- Opening Delimiter -

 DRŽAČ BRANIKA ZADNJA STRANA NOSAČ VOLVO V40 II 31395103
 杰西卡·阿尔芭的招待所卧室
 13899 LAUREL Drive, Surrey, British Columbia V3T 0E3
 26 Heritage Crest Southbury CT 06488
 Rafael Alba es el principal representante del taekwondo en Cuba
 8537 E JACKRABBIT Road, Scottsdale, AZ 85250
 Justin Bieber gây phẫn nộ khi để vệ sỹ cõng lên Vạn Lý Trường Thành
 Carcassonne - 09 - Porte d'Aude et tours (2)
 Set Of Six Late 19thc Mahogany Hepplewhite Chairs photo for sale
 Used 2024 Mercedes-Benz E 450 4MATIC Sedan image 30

- Closing Delimiter -

> _What you need to do_
Word for word, reproduce the lines of the listing from the first one through the line containing "Carcassonne - 09 - Porte d'Aude et tours (2)", and no more.

> _Response below_
 DRŽAČ BRANIKA ZADNJA STRANA NOSAČ VOLVO V40 II 31395103
 杰西卡·阿尔芭的招待所卧室
 13899 LAUREL Drive, Surrey, British Columbia V3T 0E3
 26 Heritage Crest Southbury CT 06488
 Rafael Alba es el principal representante del taekwondo en Cuba
 8537 E JACKRABBIT Road, Scottsdale, AZ 85250
 Justin Bieber gây phẫn nộ khi để vệ sỹ cõng lên Vạn Lý Trường Thành
 Carcassonne - 09 - Porte d'Aude et tours (2)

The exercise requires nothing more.